Convenience: loadBackingInstruments()scheduleBackingTrack() with a one-bar count-in offset. Call before Transport.start().

getActiveSchedule(): BackingTrackSchedule | null

Return the schedule produced by the most recent scheduleBackingTrack() invocation, or null if no backing track is active. Consumed by the bleed filter.

disposeBackingParts(): void

Stop and release the current Tone.Parts and drum sequence. Keeps the loaded instruments. Called between reschedules.

disposeBackingTrack(): void

Full teardown: dispose parts, disconnect bass/comp/drum samplers and the shared gain node.

setBackingTrackVolume(volume: number): void

Clamp to 0–1 and set the shared backing gain node's value. Affects bass + comp + drums together.


bleed-filter.ts

Reference-aware filter that rejects detected notes likely produced by backing-track audio bleeding into the microphone.

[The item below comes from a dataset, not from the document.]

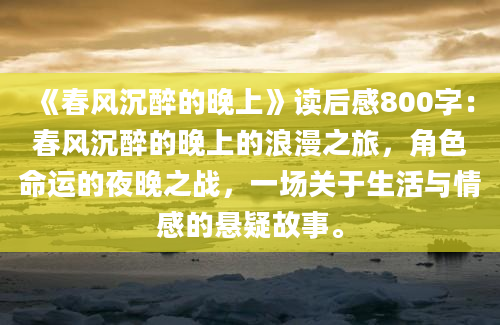 《春风沉醉的晚上》读后感800字：春风沉醉的晚上的浪漫之旅，角色命运的夜晚之战，一场关于生活与情感的悬疑故事。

BleedFilterResult interface

interface BleedFilterResult {
  kept: DetectedNote[];
  filtered: DetectedNote[];
}

filterBleed(detected, schedule, recordingTransportSeconds, clarityFloor?): BleedFilterResult

ParameterTypeDefaultDescription
detectedDetectedNote[]Notes from the segmenter (post onset-validation)
scheduleBackingTrackScheduleUsually from getActiveSchedule()
recordingTransportSecondsnumberTransport time when recording began
clarityFloornumber0.88Clarity below which a pitch-matched note is rejected

Decision tree (per note):

  1. Compute transportTime = recordingTransportSeconds + note.onsetTime, then ask the schedule for active backing MIDI at that time.
  2. If the detected pitch does not match any active backing MIDI (allowing 0 / 12 / 24 semitone aliasing), keep.
  3. If clarity ≥ 0.92 (ceiling), keep — the user is clearly playing along.
  4. If clarity < clarityFloor, reject as bleed.
  5. Borderline clarity: reject only if the detected onset lands within 50 ms of a backing note start.
  6. Otherwise, keep (benefit of the doubt).